Extension Major Project Essay Draft - Mk II

With reference to David Irving, Frederick Taylor and other relevant historians and writers, discuss the different perspectives in the debate over the Bombing of Dresden.

The debate of bombing of Dresden can be split into two contemporary fields. The first is dominated by David Irving (The Destruction of Dresden) and Alexander McKee (Dresden 1945, The Devil's Tinderbox) who argue the terrible and horrendous crime of the bombing. The other field is made up primarily led by Frederick Taylor (Dresden: Tuesday 13 February 1945) but also includes others such as Sebastian Cox (Firestorm: The Bombing of Dresden, 1945) and Hew Strachan (Firestorm: The Bombing of Dresden, 1945). Four key areas can be identified as being cases for major debate; the contextual view of the raid, the legitimacy of Dresden as a target, the legitimacy of the method by which the city was bombed and casualty figures for the raid.

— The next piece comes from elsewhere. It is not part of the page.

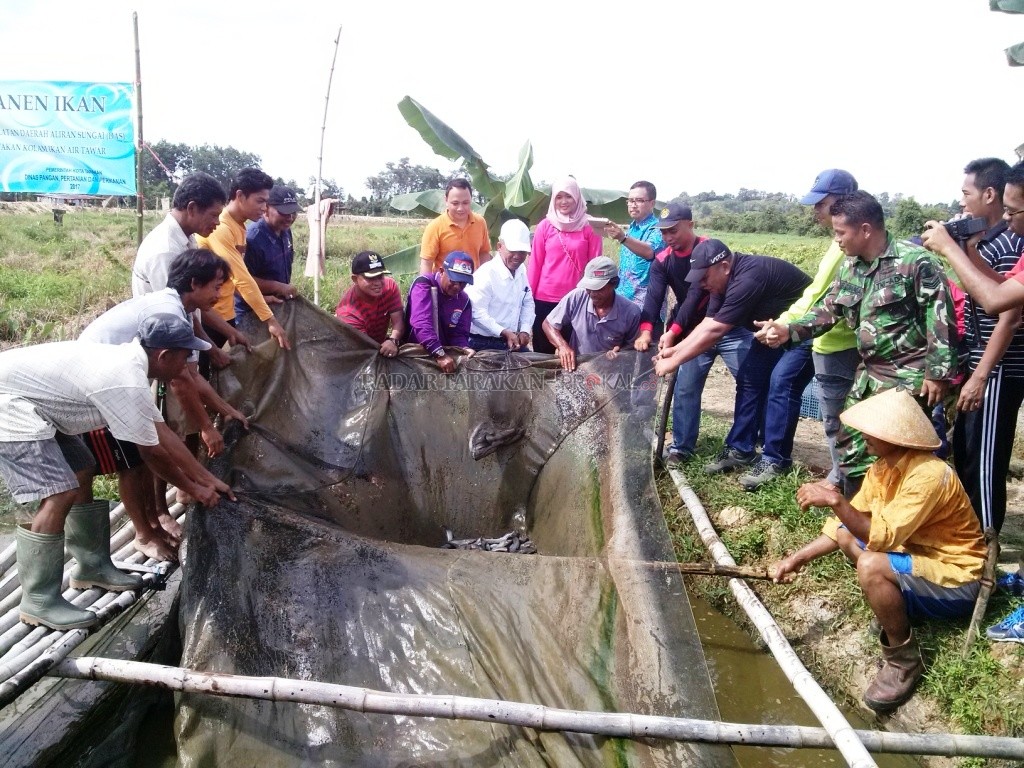 Manfaatkan Lahan Tidur dengan Membuat Kolam Ikan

The concept of Dresden as a contextual oddity stems from the belief that by February 1945 World War II was over. Dresden was long considered a target that was destroyed by just a single air raid.,Chosen at a time when the war was winding down. Irving makes the bold claim that Dresden was “The Virgin Target” in The Destruction of Dresden as a chapter name. This is done to further highlight the contextual contrast between the bombing of Dresden and the rest of the bomber war. Irving doesn't ignore other raids on the city but minimizes their impact and severity, stating, “The local inhabitants unanimously agreed among themselves that the bombing was the result of some unfortunate oversight by an allied navigator.”1

The above quote fits the other contextual problem that Dresden poses. Irving argues that Dresden was bombed in the last moments of World War II. Irving forgets to mention the Ardennes offensive, one of the main reasons for the renewed bomber offensive. The best he mentions is that, “When Stalin had failed to launch his major winter offensive during Hitler’s attack in the Ardennes, the Allies had sent to Moscow Eisenhower’s deputy.”2 Irving downplays the seriousness of the war, acknowledging the existence and impact of Schnorkel submarines, the ME-262 or the V2 rockets but fails to see the affect they would have on the Allied strategy.3 Irving understates the context of the time to fit his goal of creating guilt in the British psyche and at the same time being sympathetic to Germany. This is seen in his many negative portrayals of Arthur Harris, calling him at on point “'butcher' Harris.”4

Dresden is shown as an attack warranted by it's context in Frederick Taylor's book, Dresden: Tuesday 13 February 1945. Frederick Taylor emphasizes the importance and magnitude of the previous raids. Taylor emphasizes the previous raids to show that the populace did in fact expect a raid and that the final bombing was consistent with other cities. He describes the first raid on August 24th, 1944 as being the reason, “'Trust in the leadership is diminishing rapidly.'”5 proposing that residents were beginning to suspect themselves as targets, contrary to Irving. Taylor also describes the second raid on the city in a similar manner to further his idea that Dresden was not a surprise for the populace as, “This was the 111th raid alarm of the war...... the trek down to into the shelter was not to be in vain.”6 and the much heavier raid on the January 16th which killed over 300 people illustrate that Dresden had been a target for a much longer time than Irving suggested.7

Sebastian Cox, in his chapter of Firestorm: The Bombing of Dresden, 1945 titled The Dresden Raids: Why and How puts the raids into political and military context. Cox offers interesting insights into the context raid, describing the atmosphere of the Allied High Command at the time and outlining potential reasons why.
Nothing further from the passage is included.